Within several days of the recording of the Pele Diamond Mining Claim, assessment work was filed and accepted for recording which had the effect, pursuant to the deeming provisions in section 71 of the Mining Act, of being beyond any sort of challenge as to its validity. After a successful motion to disallow the appeal of the Provincial Mining Recorder's decision concerning that portion of the Leadbetter staking which overlaps the Pele Diamond staking, Leadbetter was granted further time to pursue other remedies concerning the validity of the Pele Diamond staking. On March 21, 2007, the Minister's delegate, Ms.
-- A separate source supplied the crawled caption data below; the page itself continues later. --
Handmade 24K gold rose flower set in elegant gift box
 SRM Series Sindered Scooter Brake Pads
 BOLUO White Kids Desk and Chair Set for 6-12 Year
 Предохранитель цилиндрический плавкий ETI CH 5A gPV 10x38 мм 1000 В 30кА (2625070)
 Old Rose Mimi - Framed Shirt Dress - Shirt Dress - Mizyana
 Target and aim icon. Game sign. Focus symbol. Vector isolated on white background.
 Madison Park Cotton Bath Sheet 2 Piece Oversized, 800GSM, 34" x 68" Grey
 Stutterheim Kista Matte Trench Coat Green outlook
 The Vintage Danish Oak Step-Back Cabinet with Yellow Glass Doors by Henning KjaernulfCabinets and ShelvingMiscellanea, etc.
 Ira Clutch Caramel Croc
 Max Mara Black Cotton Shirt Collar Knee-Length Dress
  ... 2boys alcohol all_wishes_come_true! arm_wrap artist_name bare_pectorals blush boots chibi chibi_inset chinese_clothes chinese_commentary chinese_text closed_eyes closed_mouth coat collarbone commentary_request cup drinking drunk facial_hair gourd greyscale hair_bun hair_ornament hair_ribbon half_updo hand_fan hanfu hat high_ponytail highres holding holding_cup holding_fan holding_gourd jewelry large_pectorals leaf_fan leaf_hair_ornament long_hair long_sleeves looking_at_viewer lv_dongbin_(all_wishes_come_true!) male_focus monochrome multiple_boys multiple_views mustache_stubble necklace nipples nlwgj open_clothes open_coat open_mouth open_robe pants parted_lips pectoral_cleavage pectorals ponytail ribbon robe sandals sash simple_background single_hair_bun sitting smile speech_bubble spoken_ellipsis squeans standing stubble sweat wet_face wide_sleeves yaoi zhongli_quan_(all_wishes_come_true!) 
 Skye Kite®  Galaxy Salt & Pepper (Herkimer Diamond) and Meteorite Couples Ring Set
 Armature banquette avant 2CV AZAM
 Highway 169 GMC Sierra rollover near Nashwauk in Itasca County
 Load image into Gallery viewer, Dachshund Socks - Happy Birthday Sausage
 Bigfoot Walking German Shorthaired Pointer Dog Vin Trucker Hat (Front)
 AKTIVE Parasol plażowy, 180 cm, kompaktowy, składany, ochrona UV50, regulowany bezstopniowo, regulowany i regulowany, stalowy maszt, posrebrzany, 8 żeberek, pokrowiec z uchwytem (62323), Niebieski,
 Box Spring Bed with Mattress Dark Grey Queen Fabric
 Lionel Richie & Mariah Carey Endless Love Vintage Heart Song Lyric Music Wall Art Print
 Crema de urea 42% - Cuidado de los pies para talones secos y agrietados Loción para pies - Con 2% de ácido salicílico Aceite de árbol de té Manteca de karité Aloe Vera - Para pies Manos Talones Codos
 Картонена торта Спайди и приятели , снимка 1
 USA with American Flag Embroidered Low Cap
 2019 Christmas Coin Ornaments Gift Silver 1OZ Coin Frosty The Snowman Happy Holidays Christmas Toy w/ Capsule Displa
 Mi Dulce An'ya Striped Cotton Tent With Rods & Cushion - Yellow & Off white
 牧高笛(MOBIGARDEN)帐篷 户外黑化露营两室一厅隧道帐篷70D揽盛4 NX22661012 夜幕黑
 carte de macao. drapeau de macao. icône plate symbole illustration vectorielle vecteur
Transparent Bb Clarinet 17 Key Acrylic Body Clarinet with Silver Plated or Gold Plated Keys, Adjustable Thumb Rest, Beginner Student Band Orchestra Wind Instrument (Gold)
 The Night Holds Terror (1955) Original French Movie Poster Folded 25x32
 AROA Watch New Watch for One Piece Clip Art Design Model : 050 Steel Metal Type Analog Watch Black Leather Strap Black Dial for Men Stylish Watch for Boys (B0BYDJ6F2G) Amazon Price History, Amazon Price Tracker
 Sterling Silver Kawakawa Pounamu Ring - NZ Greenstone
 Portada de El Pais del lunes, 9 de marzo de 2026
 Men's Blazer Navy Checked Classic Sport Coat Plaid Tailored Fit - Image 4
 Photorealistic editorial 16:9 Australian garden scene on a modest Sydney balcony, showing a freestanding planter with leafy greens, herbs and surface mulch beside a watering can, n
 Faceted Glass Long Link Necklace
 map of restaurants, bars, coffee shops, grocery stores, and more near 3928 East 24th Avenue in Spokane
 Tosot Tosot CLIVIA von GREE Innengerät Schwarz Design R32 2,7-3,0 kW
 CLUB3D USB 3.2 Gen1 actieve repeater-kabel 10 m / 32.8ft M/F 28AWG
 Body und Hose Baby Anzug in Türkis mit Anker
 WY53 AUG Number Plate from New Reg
Cindy Blancher-Smith issued a decision to the effect that certainty and security of tenure being paramount, no challenge to a mining claim would be entertained following recording of the first units of assessment work. Both Pele Diamond and the Ministry of Northern Development and Mines ("MNDM") determined that they would withdraw their opposition to the recording of the remaining portion of the Leadbetter Mining Claim, being that which covers lands under water within SSM 18642.

As there is no lingering objection to the recording of the remaining portion of the Leadbetter Mining Claim, SSM-3018118, it will be ordered to be recorded, the Provincial Mining Recorder will be directed to issue an Order for the moving of claim posts to coincide with all lands under water open for staking within patented former mining claim SSM-18642. The time up to the date of this Order for the filing of assessment work will be excluded.

Analysis

Mining Licence of Occupation 12101 (the "M.L.O.") was issued on June 22, 1953, for lands under the waters of Mildred Lake. Not all the lands in the M.L.O. are the subject matter of this appeal, which is concerned with those lands under patented former mining claims SSM-18641 and SSM-18642.

M.L.O. 12101 forfeit to the Crown in 2002. Notice was published in the Ontario Gazette pursuant to subsection 41(3) of the Mining Act that the lands concerned would be open for staking on June 1, 2002.

On April 5, 2006, Mr. Richard Daigle, staking on behalf of Pele Diamond, staked Mining Claim 3009901, encompassing only those lands under water within patented former mining claim SSM-18641. On April 6, 2006, Mr. Joseph Leadbetter staked filed only Mining Claim 3018118, which encompassed the available lands under water on both former patented mining claims SSM-18641 and SSM-18642.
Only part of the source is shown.